* What to work on *
For the entries that follow, retype exactly the lines from the one containing "Adjustable Arm Support" to the one containing "SEIKO 100 meters", inclusive, and only those. Images stay out of the copy.
______________________________
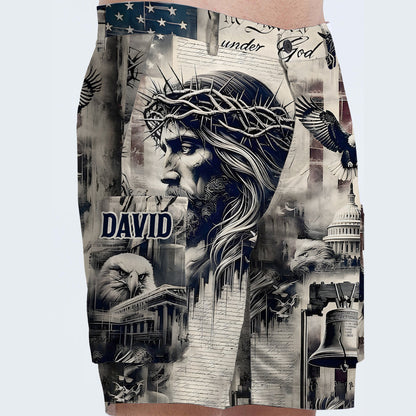 One Nation Under God - Personalized Christian Cargo Shorts With Belt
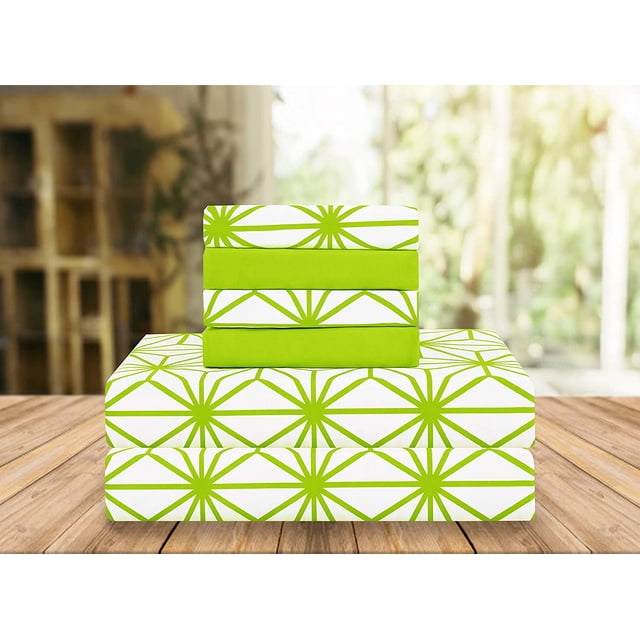 Mocassi Cube Pattern Collection 4-Piece Sheet Set, Deep Pocket 1500 Thread Count, Fade, Stain, and Wrinkle Resistant, Fitted Sheet with Smart Pockets, Cube Sheet Set, Twin, Lime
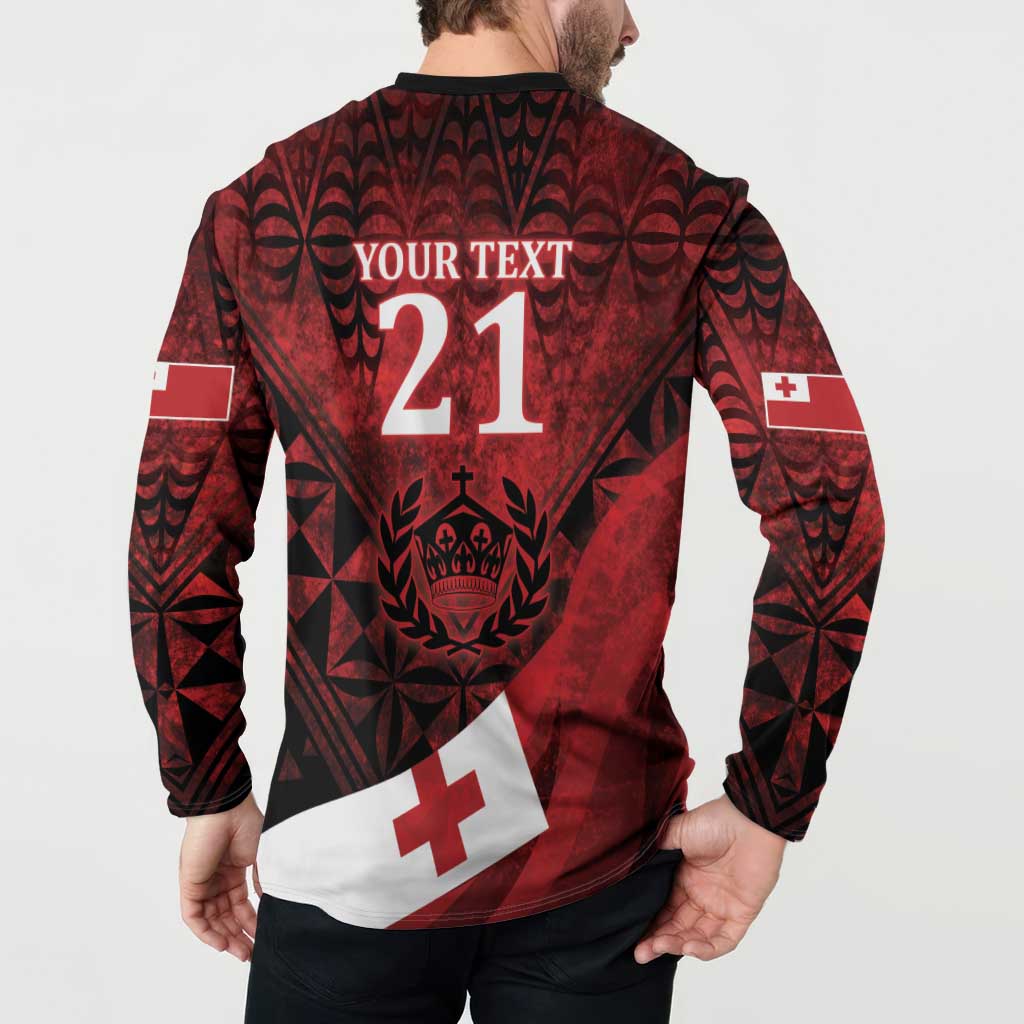 Custom Tonga XIII Rugby Tribal Tattoo Button Sweatshirt Mate Ma'a Tonga Kupesi Ngatu Grunge Style LT9 - Polynesian Pride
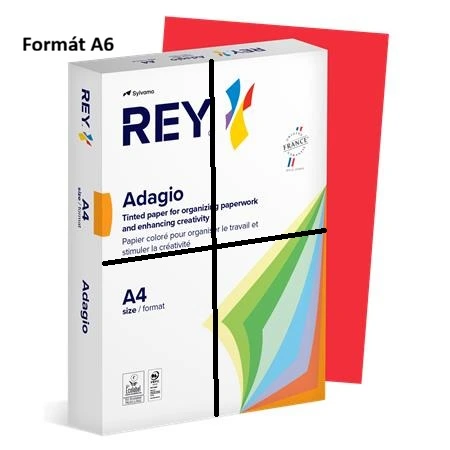 [PA991124-C] Kopírovací papier farebný Adagio červený tmavý A6, 80g (Contracted)
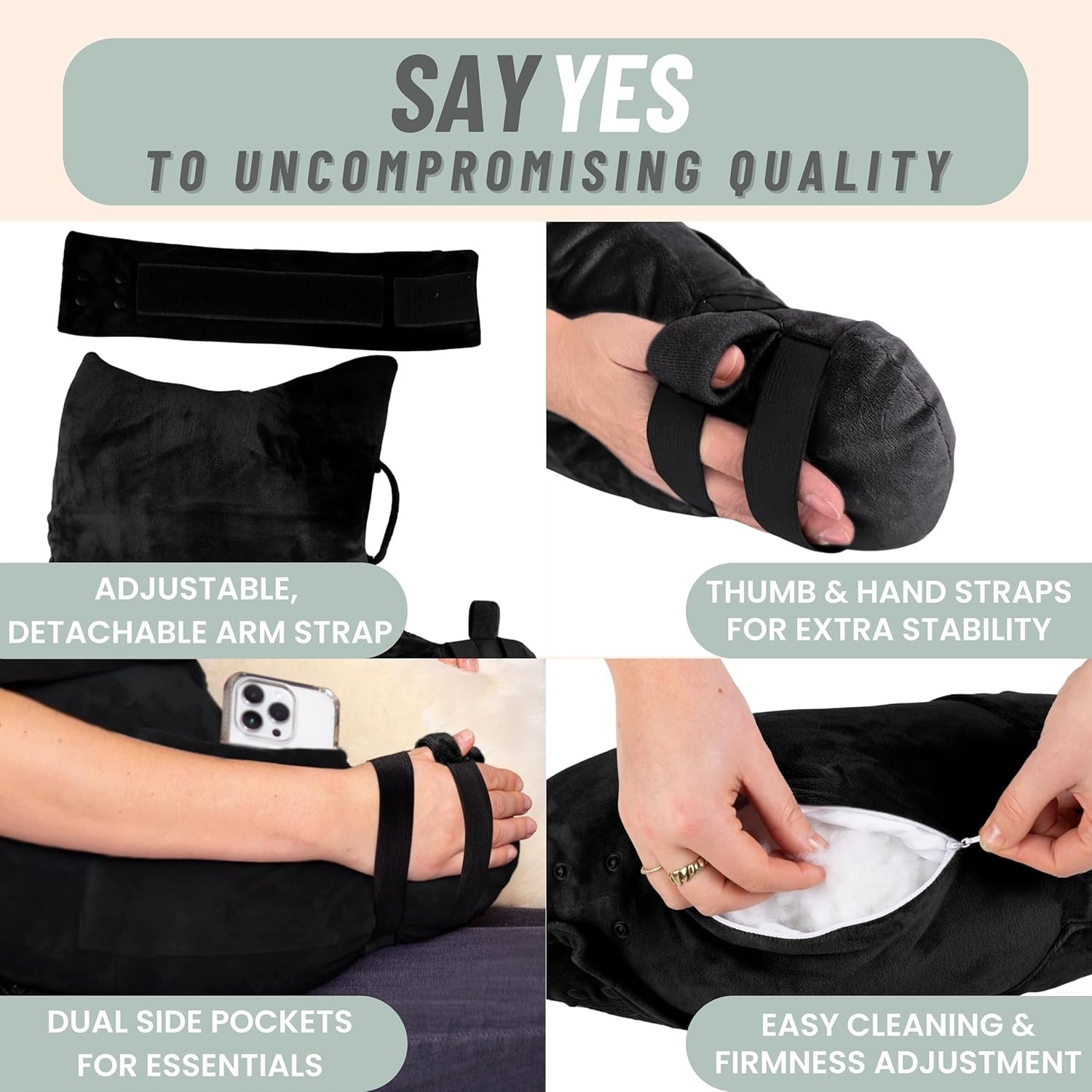 Adjustable Arm Support Pillow for Sleeping with Machine Washable Polyester Cover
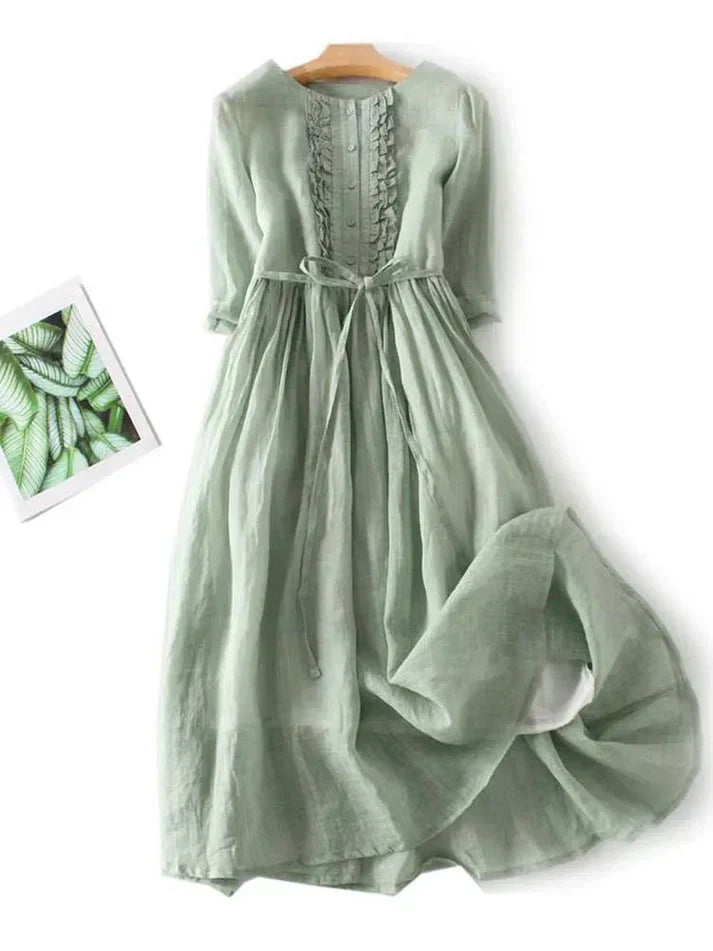 Women's Elegant Linen Midi Dress with Adjustable Waist Tie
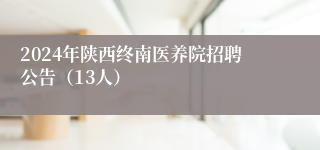 2024年陕西终南医养院招聘公告（13人）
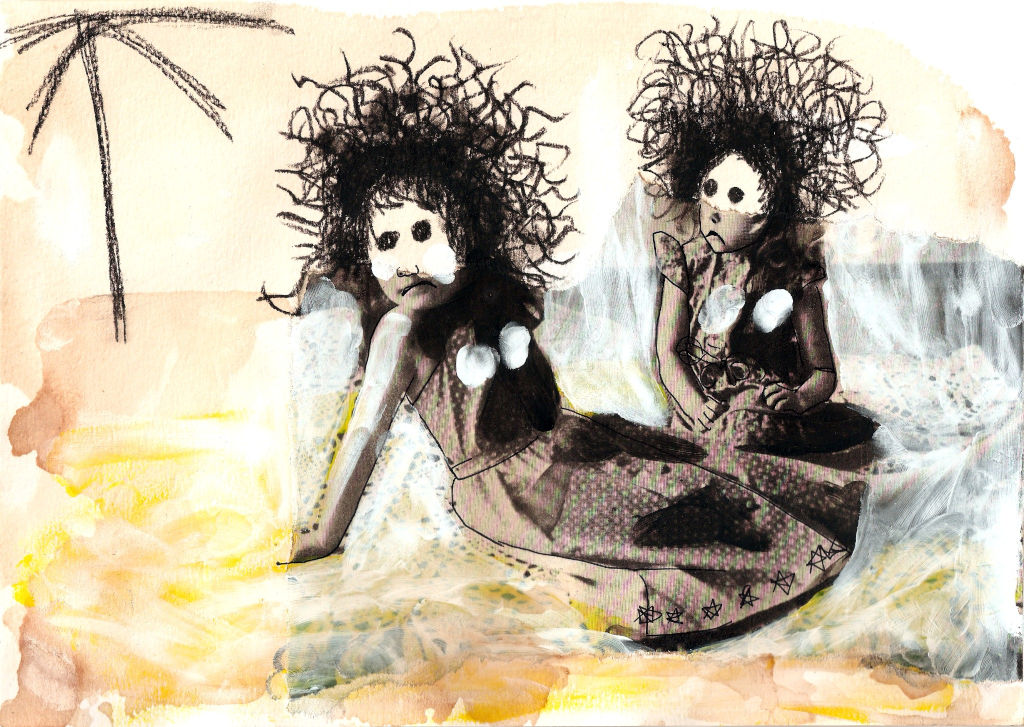 Summer Lovers. Collage on paper. Tauno Erik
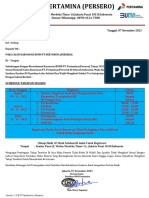 Surat Panggilan Tes Calon Karyawan (I) BUMN PT Pertamina (Persero) Jakarta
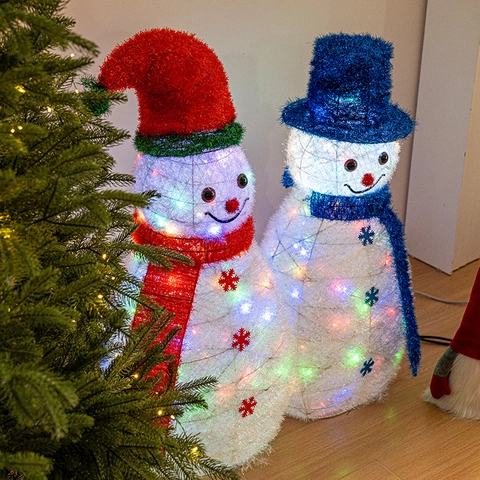Adornos Navideños De Muñeco De Nieve Luminosos LED Figuras Brillantes Con Luces De Colores Para Decoración De Jardín Y Patio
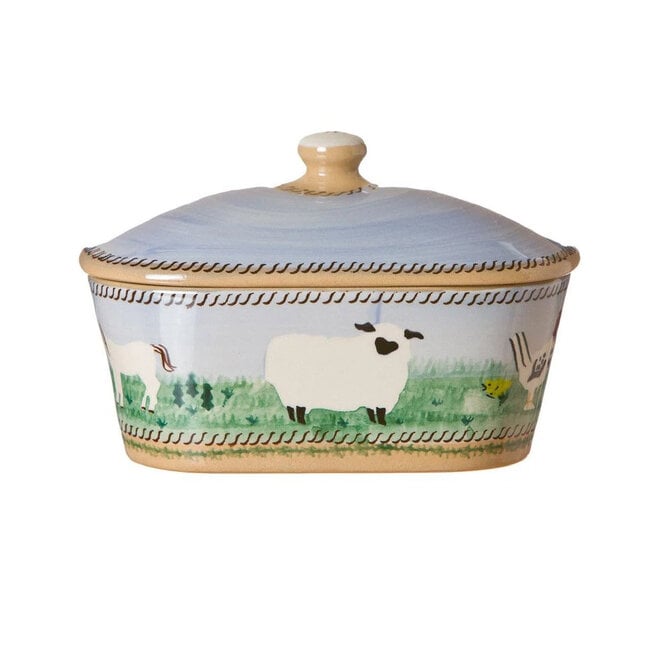 Assorted Animals Landscape Butter Dish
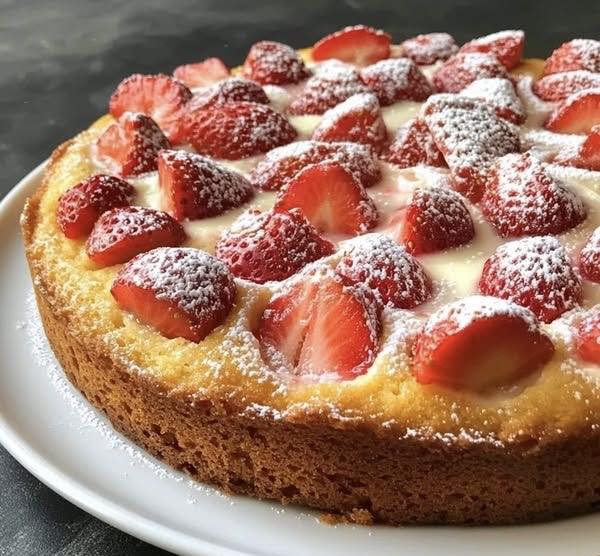 Bolo de iogurte com morangos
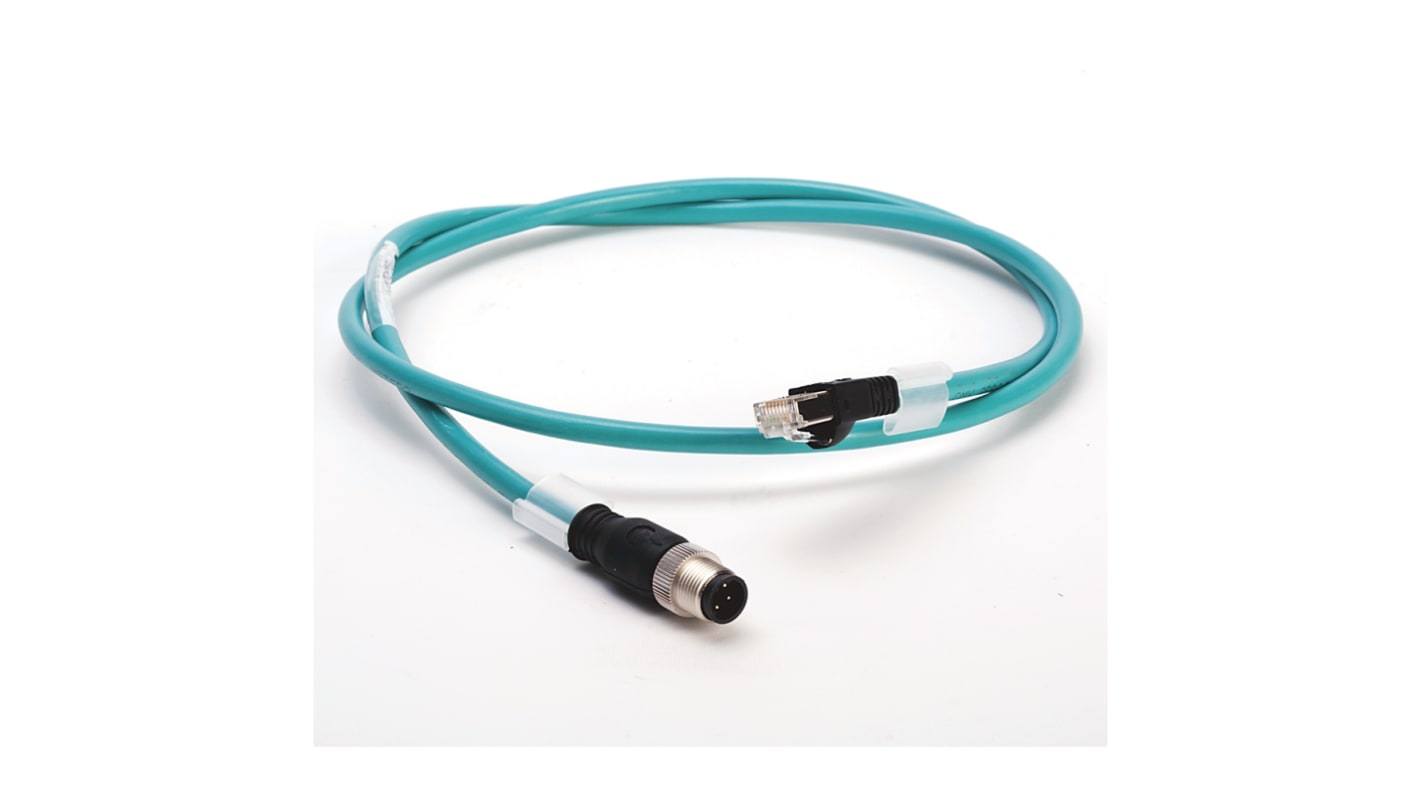 Cable Ethernet Cat5e Lámina y Trenzado Allen Bradley de color Verde, long. 1m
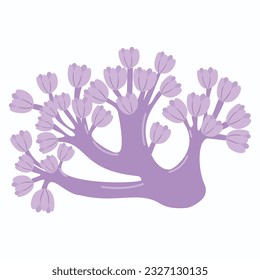 Vector hand drawn coral. Underwater flora, sea plants. Vector illustration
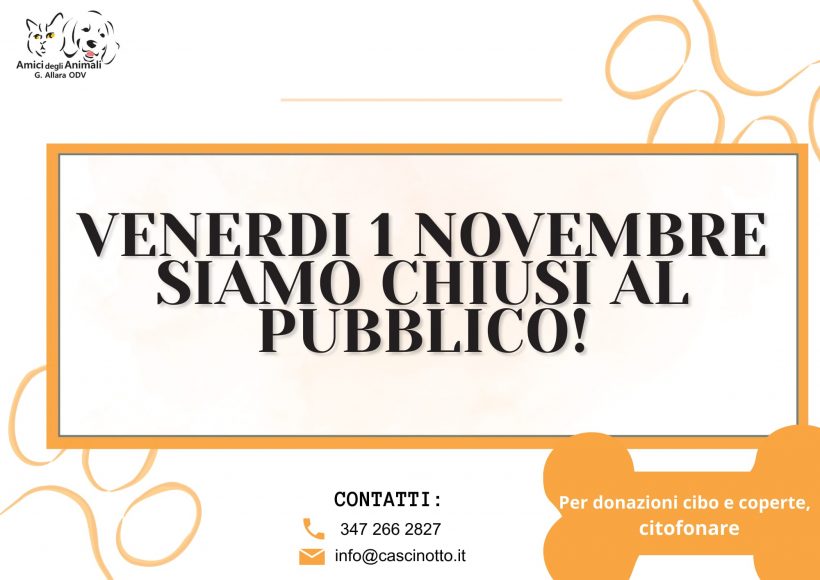 Chiusura 1 novembre 2024!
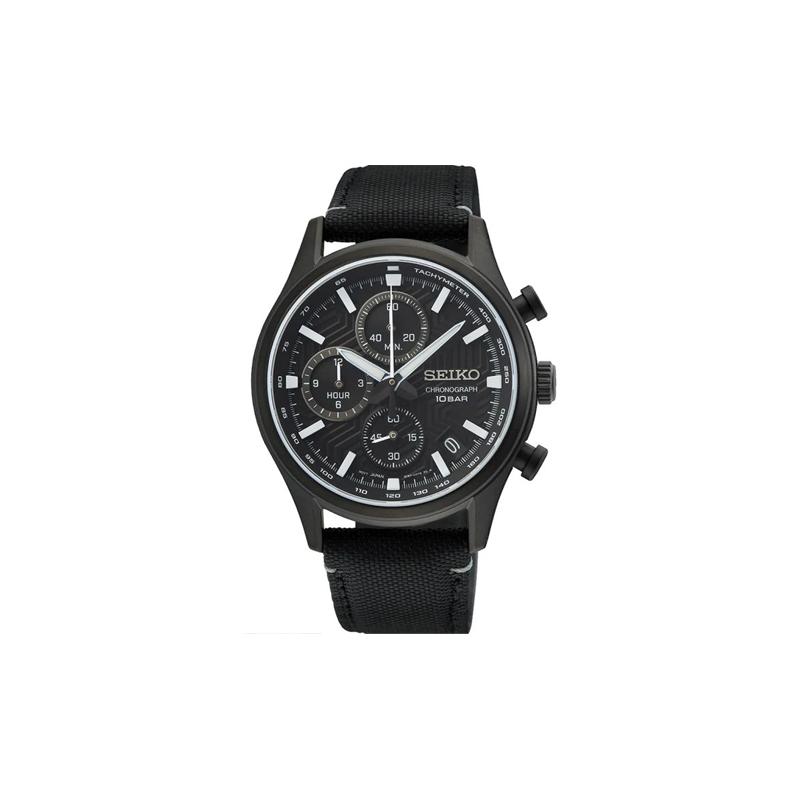 

SEIKO 100 meters waterproof depth casual Quartz nylon strap men s watch black dial SSB421P чорний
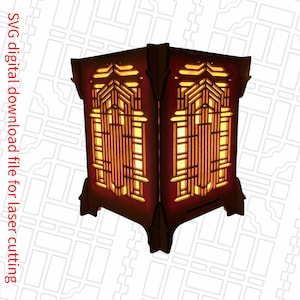 Frank Lloyd Wright Inspired Lamp&#39;s SVG File.  Elevate your home decor with this architectural light is a perfect DIY laser SVG home project.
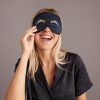 Washable Silk Sleep Mask in Navy Shooting Stars - Image 3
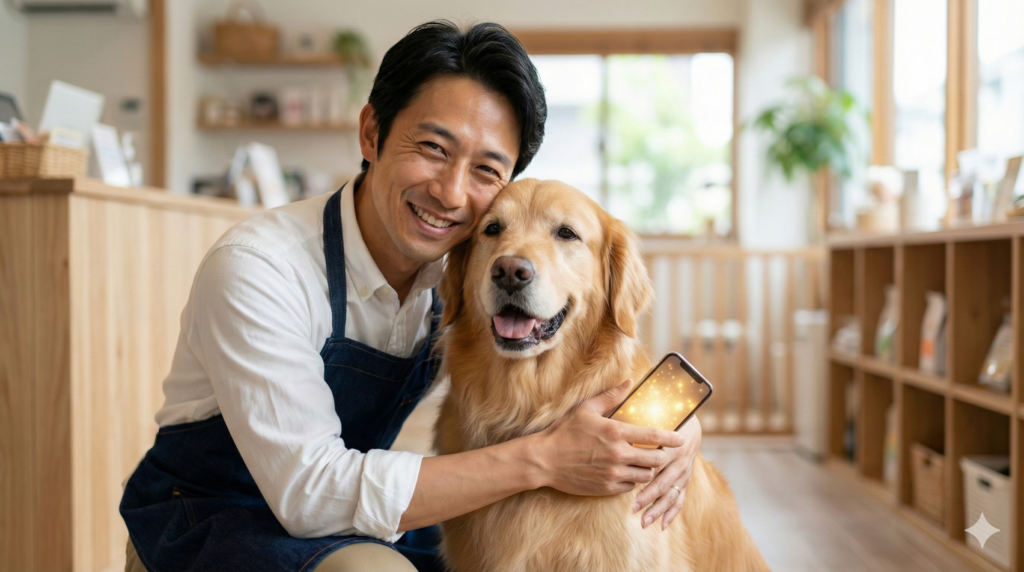 AI業務効率化をしてゴールデンレトリバーを笑顔で抱きしめるペットサロン店長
______________________________
* Written solution *
 Adjustable Arm Support Pillow for Sleeping with Machine Washable Polyester Cover
 Women's Elegant Linen Midi Dress with Adjustable Waist Tie
 2024年陕西终南医养院招聘公告（13人）
 Summer Lovers. Collage on paper. Tauno Erik
 Surat Panggilan Tes Calon Karyawan (I) BUMN PT Pertamina (Persero) Jakarta
Adornos Navideños De Muñeco De Nieve Luminosos LED Figuras Brillantes Con Luces De Colores Para Decoración De Jardín Y Patio
 Assorted Animals Landscape Butter Dish
 Bolo de iogurte com morangos
 Cable Ethernet Cat5e Lámina y Trenzado Allen Bradley de color Verde, long. 1m
 Vector hand drawn coral. Underwater flora, sea plants. Vector illustration
 Chiusura 1 novembre 2024!

SEIKO 100 meters waterproof depth casual Quartz nylon strap men s watch black dial SSB421P чорний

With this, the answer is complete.